Summary

Sort Bins in Q-Assessor define the ranked groupings into which participants sort Statements. Each Bin can contain a certain number of Statements, has a certain numerical value used to calculate the Study factors, and has a descriptive label that informs the participant what the Bin means. This section provides a detailed explanation of how to add and adjust Sort Bins to a Study in Q-Assessor.

Managing Sort Bins

The Big Picture

In Q Methodology, participants rank the Statements in the Study according to how they feel about the Statements in a “most positive to least positive” axis. Traditionally, participants would accomplish this by physically placing small cards, each of which contains one statement, into an inverted pyramid shape built from the one or two statements most “negative” on the left, through increasing numbers of statements leading to a central peak of indifference, then down to the one or two statements most “positively” regarded.

Q technique thus has participants sort statements into discrete “levels” of, say, agreement and disagreement — for example, from “+3 Agree” to “+2 Agree” to “+1 Agree” to “Uncertain” to “-1 Disagree” to “-2 Disagree” to “-3 Disagree.” Each of these “levels” has a numerical value equivalent to those labels; in this example, +3, +2, +1, 0, -1, -2, -3. And each level has a number of statements to be assigned to it; for a 15 statement study using these example levels, participants would place 1, 2, 3, 4, 3, 2, and 1 statement in each level, respectively.

Q-Assessor uses a construct called Sort Bins to capture the structure of a Study in this fashion. Sort Bins are set up when creating a Study to work behind the scenes to configure the user interface subject see when doing a Q-Assessor session and to process their sort responses.

Reviewing Sort Bins

When planning a Study, you need to coordinate the number of Statements you add with how you want subjects to sort them into these levels or bins. Q-Assessor keeps track and warns you if things don’t add up correctly. However, you can use any number of statements and bins — but to get valid results, you need to understand Q-Methodology at least well enough to understand the symmetry described above.


Once you’ve decided on your Statement and Sort Bin structure, you reach the page where you manage the Sort Bins from a link in the Q Sort Bin summary section of your Study’s main page.


Here is an example of a correctly-configured Sort Bin structure for a 36 statement study. This is the Q Sort Bin summary page reached by the link from the Concourse summary section shown above. Note how this table displays all of the bins in order, showing the values set for each bin’s parameters — their labels, numeric value, and number of statements to be placed in each bin.


Here is an example of an incorrectly-configured Sort Bin structure much smaller four-statement study. Q-Assessor is pointing out that one more bin slot needs to be added to match the number of statements the study expects. While you could add another bin, the correct step in this case is to adjust the number of statements in the middle “Uncertain” bin to 2 from 1.

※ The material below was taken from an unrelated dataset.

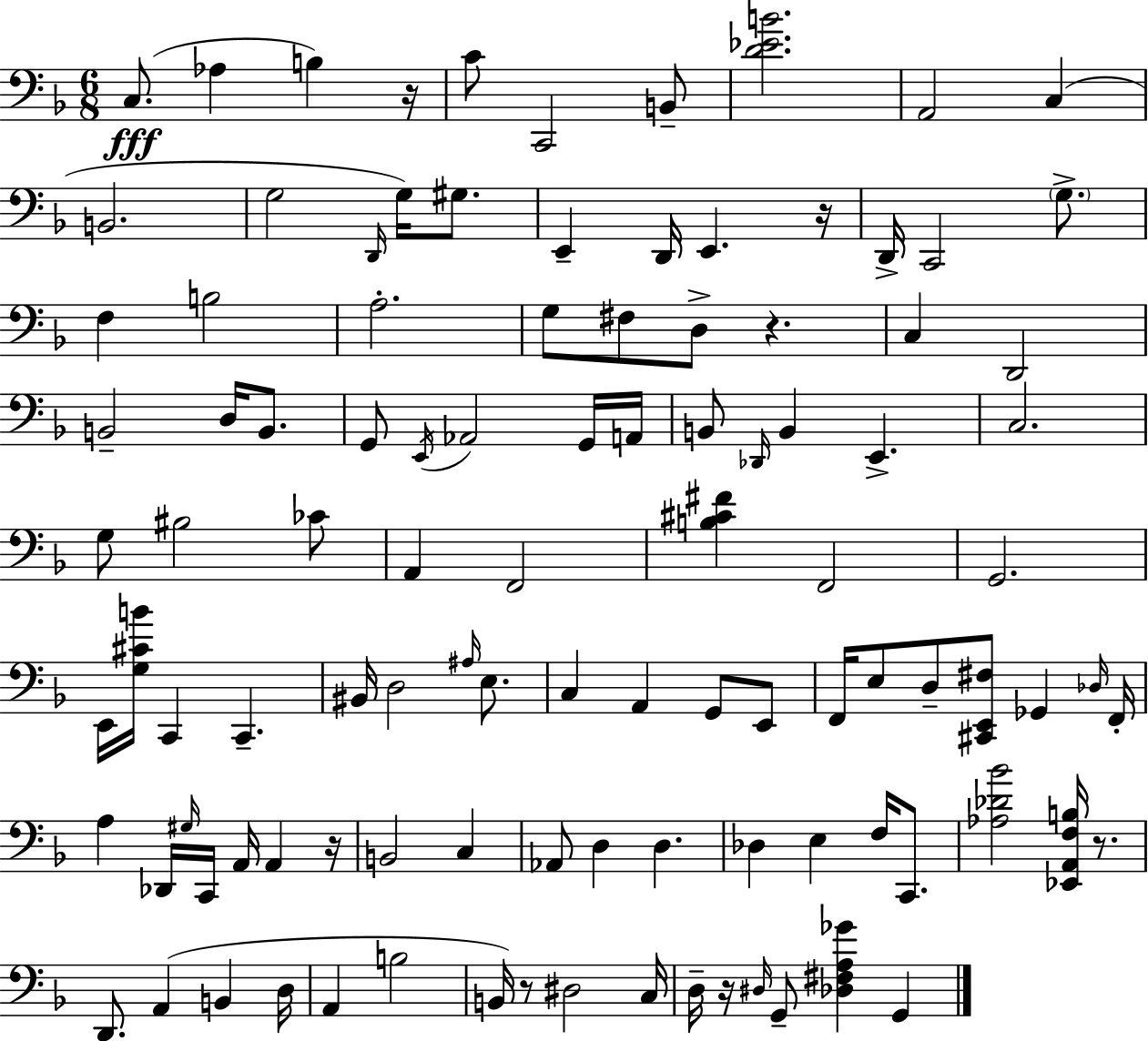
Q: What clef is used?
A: bass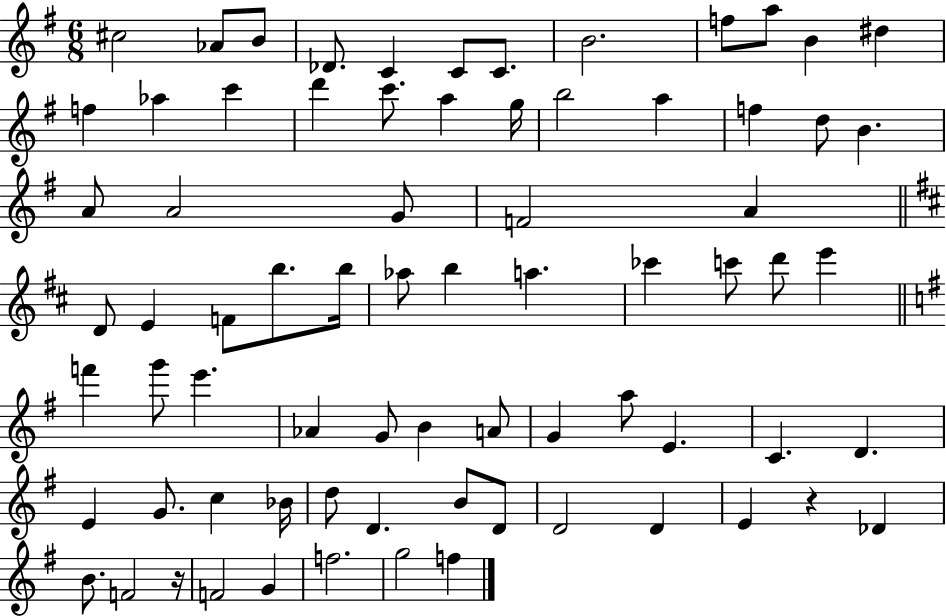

Adding and Modifying Sort Bins

While Q-Assessor cannot read your mind or setup your Sort Bin structure for you, it provides a very simple interface by which you can configure things.


To create a new Sort Bin, click the “Add new bin” link from the main Sort Bins page. This leads you this form, where you simply enter the values you want for the bin’s label, the number of statement slots for the bin, and the numeric value for that bin.


To edit an existing Sort Bin, click the “Edit” link for that bin in the listing on the main Sort Bins page. This leads you this form, where you simply modify the values you want for the bin’s label, the number of statement slots for the bin, and the numeric value for that bin — and then Save.

You can also adjust the order of the Sort Bins here. You want the bins to proceed from the “most agree” down to the “most disagree” meaning.